On that site, all but one of the people ridiculing what I have been doing, had almost zero experience in steel boat buiding, and the one who had some, had only limited coastal cruising experience. When asked he was th eonly one who responded.The rest were silent, indicating zero. Everyone in history who has come up with a new and better way of doing things has been ridiculed . Copernicus, Galileo, Columbus, Da Vinci , etc were all ridiculed by lesser men. The guy who suggested, in the1840s, that doctors should wash their hands after handling corpses, before getting involved in childbirth, was ridiculed for the rest of his life. So I am in good company. The only way to avoid ever getting ridiculed is to never come up with anything new, nor challenge in any way how things are being done, which is ,sadly ,how many people avoid ridicule. I prefer to leave such cowardice to lesser souls.
There are a dozen experienced yacht designers/naval architects/engineers several pro boatbuilders experienced in steel and numerous amateurs including coded welders with more knowledge than you, who either built or are building their own steel boats. They all universally condemned your ignorance and your hubris.
All class societies allow for curvature in effective thickness. As they allow a chine , deck edge cabin side etc to be counted as a girder. You don’t seem to get this. They count all these things and still require transverse structures. And that’s based on thorough analysis, the problem with thin shells ( boat hulls) is that they are thin relative to curvature and buckle easily. The amount of thickness you can reduce for curvature is carefully calculated relative to buckling criteria.

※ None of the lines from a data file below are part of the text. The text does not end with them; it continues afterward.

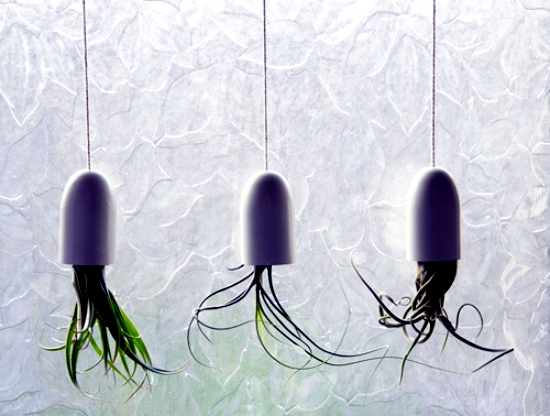 Tinker suspended planters - a great idea for mini terrariums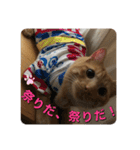 むぎむーの日常❹（個別スタンプ：6）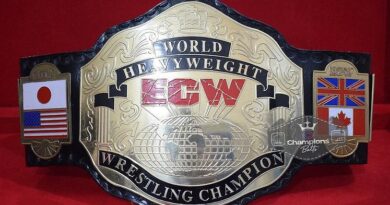 Champion Title Belt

What external pressure will start to collapse the hull. When you build to class rules that’s inherent in the scantling requirements. If you custom design you should be able to state the head of water the structure will stand.
Even your own client feedback runs counter to your made up engineering. Here Tom who made the mistake of building to your plans isn’t too happy with your engineering. To quote Tom's massage to you again which you simply ignored :
“Case and point my plans on the 26 showed no cabin beams or longs in the cabin and I questioned you on it and you stated it didn't need any because the camber of the roof gave it great strength. Why is it that after it was all welded up I could walk on the roof and rock up on the ball of my feet and bow in the roof and bulge out the cabin sides at the same time? Also what would happen if I had left it that way and took a big wave over the top?"
Tom ditched his BS design sold it and bought proper plans from a reputable designer and has built a better designed steel boat.
So it’s not only the knowledgeable designers and engineers who try to tell you have it wrong but your clients as well. And you still won't accept you have it wrong.